I just bought my SER Spec V yesterday, so I am still learning about it, I bought it one year used with close to 12K on it, came fully loaded with the moonroof and Rockford audio system etc. only thing i didn't get was the 6-disc changer. My question is about the audio system. It is supposed to be a 9-Speaker system right? Well I can only find 7-speakers, I can see two tweeters up front, two door speakers up front, two speakers behind the back passengers head, and the 8" RF sub in the trunk, I know the previous owner of this car didnt just add the RF sub because the CD deck has the Rockford name on it and I can see the little amp in the trunk near the rear speakers..... basically... where the heck are my 2 other speakers?!?!
Thanks for the help!


----------



## BlackoutSpecV (May 8, 2002)

they are components in the rear deck speakers. There are only 7 physical speakers in the car.


----------



## sr20dem0n (Mar 19, 2003)

They aren't components, they're 2-way coaxials. If you open up the rear deck you will see an extra tweeter inside the woofer on the rear speakers.


----------



## BlackSpec02 (Apr 12, 2003)

Thanks guys! That solves the problem of the two mystery speakers. One more question about the stereo... only the deck, sub, and amp, are actual rockford fosgate, right? Because I think my speakers are Clarions or something.... I could be wrong though... Also are there any differences with the Rockford Deck and the standard deck other than the fact that it just says "rockford fosgate" on it? Well, I guess that was two questions... But i appreciate the info! Thanks again!


----------



## sr20dem0n (Mar 19, 2003)

The amp is the only RF thing in the entire system. The deck just has a RF sticker on it, and the sub is a clarion too I believe, but it might be some other brand.


----------



## BlackSpec02 (Apr 12, 2003)

REALLY?! I thought for sure the sub was a rockford fosgate, it has the rockford logo on it and looks exactly like the 8" subs that rockford makes... except it says nissan too. Why would nissan give us a different brand sub in a "rockford fosgate" system?


----------



## sr20dem0n (Mar 19, 2003)

Because it's a "rockford fosgate _powered_" system, meaning the amp is rockford fosgate but nothing else is. If you take out the sub and look at the back it's some other company.


----------



## BlackSpec02 (Apr 12, 2003)

Wow, thats sooo crappy! Thanks for the info man, its good to know that.... weird though, the small amp in the trunk doesnt even say rockford on it... but all the components that aren't rockford have it plastered all over the place... maybe i will replace the stock 8" sub with a real rockford or a JL 8".... would there be much of a difference?


----------



## sr20dem0n (Mar 19, 2003)

If you replaced it with a nice sub, and then got a separate amp for it I'm 99% sure you would be able to tell a big difference.


----------



## Guest (Apr 25, 2003)

Do yourself a favor and replace the entire system starting with the head unit and then work into some real quality components for the front and rear then a top name mosfet amp powering a the sub of your choice.....it's the only way to do it!


----------



## BlackSpec02 (Apr 12, 2003)

Ive heard that because of the factory amps and such that its a lot harder to modify the sound system of the spec V's with the Audio package... i dunno... just word of mouth.... 
I would love to get a new head, sub and amp first... and then new speakers eventually... but this is all going to come after some performance mods.... so it might be a while...
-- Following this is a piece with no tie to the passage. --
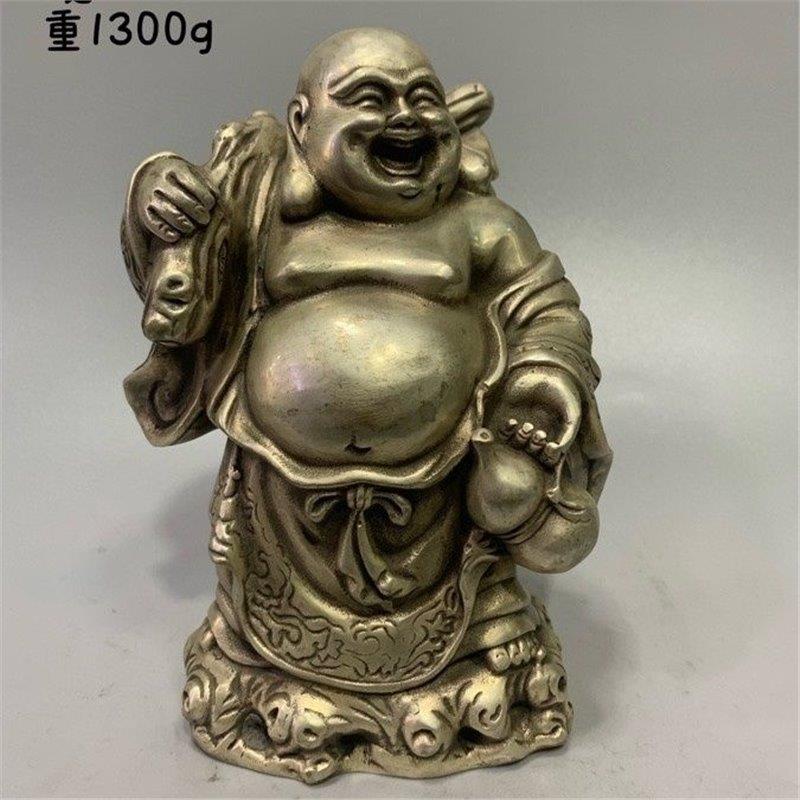 古玩杂项仿古铜器白铜书房居家摆件工艺品象财神手拿珠子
I would really like to do what SE-Rkt (i think thats his screenname on here) did to his sound system.... cut the stock box bigger and put a 10" sub in it with a separate amp... it all fits nicely and saves money on a box!


----------



## jmbernard73 (Apr 27, 2003)

i went to my audio dealer we cracked open the system and it's clarion with exception to the 8 inch sub which is rf. as it turns out fr contracts clarion to do all of their factory car audio!!!!!

02 black spec


----------



## 98 nizmo200sx se (Apr 10, 2003)

you might want to check the ohms of that factory rf8 it might be a different ohmage it might be something weird like 12 ohms if so you cant put a aftermarket sub using the factory amp it will burn that amp up.


----------



## mycarisaser (May 17, 2003)

the factory sub is dual 2 ohms . the whole system is clarion but the sub


----------